Moving on, I came across rabbits at the UWI Faculty of Food and Agriculture University Field Station – dealing with academia must be a preparation for long German – and I saw rabbits and agouti. There were signs about entrepreneurship behind these creatures imprisoned in their cages, so I asked around about the market for them. They had no idea. They had no idea where to find such information. Well, they were students, so no need to be hard on them.

Continuing my walk, I had some interesting conversations with some international folk, a few criticisms from staff about getting interdepartmental assistance for some things (a few people knew me and the criticisms were more specific, but I know the unpleasant frustration of academic silos), and I came across a business that was marketing rabbit meat.

Well, here we are. They’ll have answers. So I spoke with them about the market for rabbit meat and rabbits in general, and as expected, it wasn’t exactly a high demand market. It’s not as if I see ‘rabbit roti’ on the roti shop walls. It’s more of an exotic market, and more for pets than pots. Completely understandable and expected, so I thanked the lady for her candor and moved on.

The Agricultural Development Bank (ADB) was interesting, though I’m not sure that it was all accurate. They advertise great interest rates for agricultural and aquaculture projects, but when I spoke about the specifics of things I was looking at doing, I asked about whether I should split some land off for collateral and repeatedly told I didn’t need to do that. That seems peculiar. Established farmers I know have criticized the ADB in that while their interest rates seem low, with all the fees one ends up paying, it’s effectively the same as banks with higher advertised interest rates.
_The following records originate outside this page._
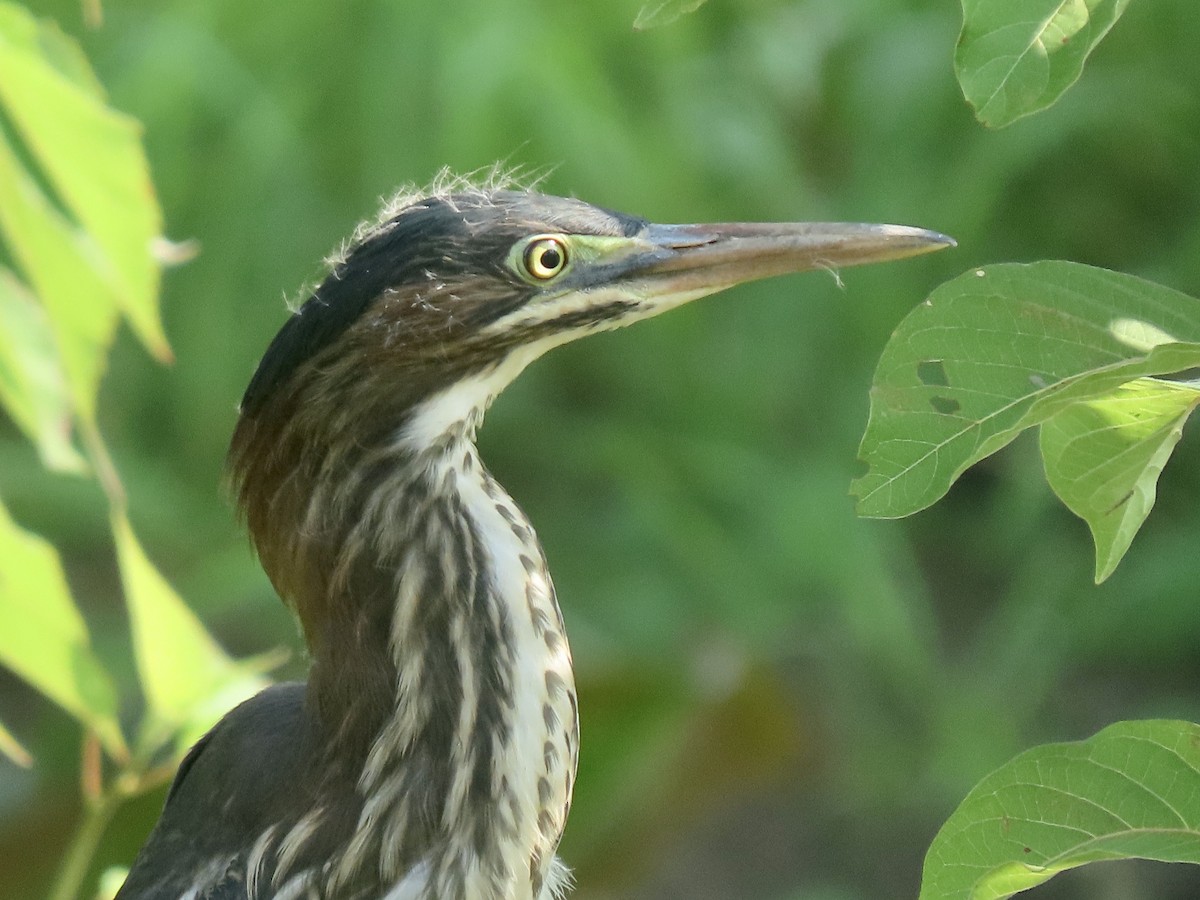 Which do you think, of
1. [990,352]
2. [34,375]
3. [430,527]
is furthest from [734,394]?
[990,352]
An after discussion with someone who knows more about interests rates revealed the 3-5% was effectively around 8-9%, but that advertised bank rates at 8% were closer to 14% in reality.
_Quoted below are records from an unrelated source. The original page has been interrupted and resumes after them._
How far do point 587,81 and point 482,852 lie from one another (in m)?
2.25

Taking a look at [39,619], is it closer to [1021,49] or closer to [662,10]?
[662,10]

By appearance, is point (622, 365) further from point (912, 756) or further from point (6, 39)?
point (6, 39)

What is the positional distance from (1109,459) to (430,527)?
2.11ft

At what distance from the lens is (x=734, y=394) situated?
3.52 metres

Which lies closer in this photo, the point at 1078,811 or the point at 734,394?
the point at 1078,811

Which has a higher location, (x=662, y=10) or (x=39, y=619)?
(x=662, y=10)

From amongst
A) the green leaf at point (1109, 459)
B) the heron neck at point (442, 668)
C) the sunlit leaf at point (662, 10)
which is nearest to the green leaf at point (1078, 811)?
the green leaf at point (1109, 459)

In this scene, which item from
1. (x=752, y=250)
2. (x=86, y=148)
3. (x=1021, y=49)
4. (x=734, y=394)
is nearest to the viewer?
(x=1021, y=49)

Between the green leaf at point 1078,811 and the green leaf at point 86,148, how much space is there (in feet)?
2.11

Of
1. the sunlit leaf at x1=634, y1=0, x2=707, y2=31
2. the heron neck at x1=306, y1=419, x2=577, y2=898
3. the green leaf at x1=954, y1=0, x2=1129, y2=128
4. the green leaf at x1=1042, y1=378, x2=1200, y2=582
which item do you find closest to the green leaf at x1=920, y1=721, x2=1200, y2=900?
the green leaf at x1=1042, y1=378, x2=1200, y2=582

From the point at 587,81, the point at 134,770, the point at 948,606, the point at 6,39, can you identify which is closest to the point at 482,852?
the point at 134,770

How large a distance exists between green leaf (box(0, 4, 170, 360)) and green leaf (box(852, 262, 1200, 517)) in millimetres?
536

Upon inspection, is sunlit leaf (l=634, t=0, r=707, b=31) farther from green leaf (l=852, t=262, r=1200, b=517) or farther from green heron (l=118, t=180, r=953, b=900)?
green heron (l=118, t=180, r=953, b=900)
So, the ADB didn’t really sell me on anything in the end.
I was finding holes. Opportunities. Flaws in the bureaucracy, as there always are and always will be.

The rest of the expo was as informative to me on aquaculture, agriculture, potential markets.

Try Cafe Vega. They had a stall. I met Dr. Floyd Homer, and we talked about beans and all sorts of things. How could I pass up a cup of local coffee? Good stuff.


The thing that jumped out at me most was market data.  What’s published is Open Data – it’s one of the founding principles, it seems, but it’s not as open as you would think. If you take a look at the data available from NAMDEVCO, it gives you averages of monthly data over the years (starting in December 2016), but it doesn’t show you volatility. It is lacking, and part of that may be that NAMDEVCO simply wasn’t designed for it – or the people who want to do it are getting crushed by the gears of bureaucracy (been there, done that), or it simply hasn’t entered into people’s minds.

But I’ve spoken to farmers. One successful farmer revealed his success one time with cabbage, being able to buy a car for cash after reaping one cabbage crop. That’s an outlier. So there is volatility in these markets that farmers have to be able to plan for. Granted, the app that shows the immediate prices is good, but if you’re getting into a market, you want more data. It is there at the link, but it has to be hand typed in from the images in the monthly PDFs to get what you want… when I tried the contact link on their website, I was greeted by a configuration error. So I can’t really tell them about the error, now can I? Try it. Maybe they’ll fix it. Let me know.

In all, I think my only real criticism of the techAgri expo is that I wish it were more helpful to me – but that’s not so much on them. I’m a demanding person when it comes to information, and I know how to deal with Big Data – something lacking around Trinidad and Tobago, really – and my criticism is more of an identification of opportunities for myself and others. There is further analysis that can be done, and there are opportunities that you can find… if you have the gift of seeing what doesn’t exist yet.